The new strategies include a campus campaign, with an expanded door-to-door canvassing project; a letter-writing appeal, several television spots, and a just-completed movie.

The three leaders of the campus campaign, Jennifer Jackman and Deborah Davis-Anthonyson of Smith College, and Deborah DeBare of Brown University, have postponed completing college to coordinate the campaign.

The three plan to touch down in 25 Northeast campuses within six weeks. Their goal is to convince other students to take off a semester from school or devote their winter breaks to work for the ERA.

The campaign, with all the new recruits in tow, will then move into states which have not ratified the ERA, where the students will canvass door-to-door and rally campus support. ''We want to prove that students are not apathetic,'' said Deborah Davis-Anthonyson taking a break from the first day of handing out leaflets in Harvard Square. The three will also be speaking in classes, setting up information tables, and holding rallies in nine cities.

These students have ''changed their lives'' for the ERA, as Ms. Smeal put it. The phrase is borrowed from the title of NOW founder Betty Friedan's 1976 book, ''It Changed My Life,'' which chronicles how her life changed following publication of ''The Feminine Mystique'' in 1963. At the national convention, Ms. Smeal exhorted members to dedicate anywhere from two weeks to a year to work for NOW.

Many of these people will work as ERA missionaries, a program modeled on the Mormon church door-to-door canvassing. The approach has been used in Utah, ''the heartland of our opposition,'' Smeal says. The state is the home of the anti-ERA Mormon church.

According to NOW statistics, 78 percent of the non-Mormons and 30 percent of the Mormons contacted by the NOW missionaries signed a pro-ERA petition that was sent to President Reagan. Seventeen percent of the Mormons also sent a letter to Spencer Kimball, president of the Mormon church, asking him to reconsider the church's opposition to the amendment. In all, about 15,000 signatures were collected, coordinator Becky Fenstermaker estimates. She says that most came from people who were already sympathetic to the ERA.

''We're here to find support that already exists,'' she explained. She says the 100 NOW missionaries contacted about 30,000 people in Salt Lake City, Provo, and Ogden.

The program will continue until the June ratification deadline. It will also be expanded to Florida, Oklahoma, North Carolina, Missouri, and Illinois, states that haven't yet ratified the ERA.
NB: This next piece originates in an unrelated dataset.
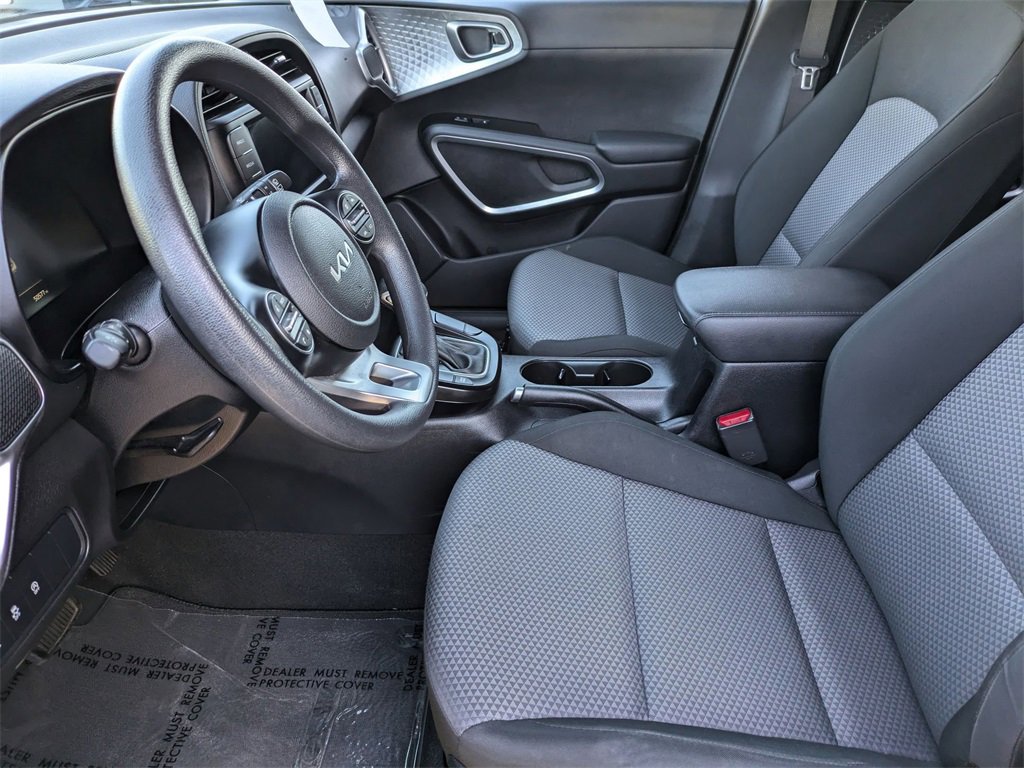 Used 2024 Kia Soul LX w/ Option Group 015 image 23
For the first time, NOW is moving into nationwide advertising. It has started to distribute a movie and to air the first two of its 30-second TV spots.

The movie opens with the reminisences of 91-year-old suffragist Marjory Stoneman Douglas. It then races through history with glances at women's roles during the depression, World War II, the civil rights movement and Vietnam war-era peace marches, the founding of NOW, and ends with president Smeal's keynote at the recent NOW convention. The campus campaign and a number or other organizations will be using the film.

One of the TV ads shows the gravestones of a husband and wife, and says that she did not become his equal until she died several years after he did, and suffered economic hardships after he died because of unjust laws. The other shows the smoky room of wheeling and dealing politicians, with the voiceover claiming that ''a handful of politicians in a handful of states'' are blocking the ERA. Both end with Smeal asking for contributions to help pass the ERA.

NOW hopes to raise $15 million - money to finance what many see as a hopeless cause.

''It's a great big lever to lift a little rock,'' said Ruth Hinerfeld, president of the League of Women Voters, referring to that ''handful of politicians'' many ERA advocates claim are blocking ratification.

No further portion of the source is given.